# Scott's Edgeguard DLX and OVER-seeding



## sheepfescue (Jul 29, 2019)

My scores rotary spreader deposits too much seed relative to bag rates (I felt taken advantage of!), but is a bit too generous with granular materials (fertilizer, amendments, etc) when I'm trying to get a bag to go over more area.

Is the geometry and solid-state flocculation of grass seeds such that they pass through a spreader with greater ease than a round granule?


----------



## TommyTester (Jul 3, 2018)

Many factors play into the swath width, distribution uniformity, and #/1000 sq. ft. of any spreader. The primary factors are particle size, particle weight, spreader calibration for evenness, and walking speed.

It is best to do a fresh calibration in an area like a parking lot using the material you intend to spread to determine the right setting for your particular situation prior to applying on the actual lawn.

There are many videos on Youtube on how to calibrate a spreader.
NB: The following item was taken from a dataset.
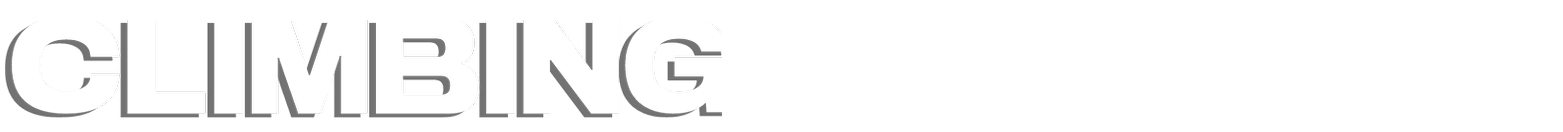 Climbing logo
Here is a chart from a Spyker spreader. You can see how the base setting and swath width varies even for grass seed.

You many have noticed your spreader does not spread material evenly. Because of this it is recommended to use half the rate and do a "twice" over (cross-hatch) pattern to compensate for the unevenness. Note that half-rate does not mean use half the setting value. In general it is best to calibrate to the half rate and always apply using the twice-over pattern.


----------



## sheepfescue (Jul 29, 2019)

Thank you

EDIT: Can someone recommend a specific spreader where I can easily find such information online? For my spreader it either doesn't exist or is buried too deep in search engine results to be findable.


----------



## TommyTester (Jul 3, 2018)

sheepfescue said:


> Can someone recommend a specific spreader where I can easily find such information online? For my spreader it either doesn't exist or is buried too deep in search engine results to be findable.


Not exactly what you are looking for but here is a chart that converts the settings of various spreaders for a common type of fertilizer. You could use the dial settings from the Spyker chart above and determine the related DLX setting.

Still, it is best to run a calibration yourself as these charts just gets the spreader in the ballpark.


----------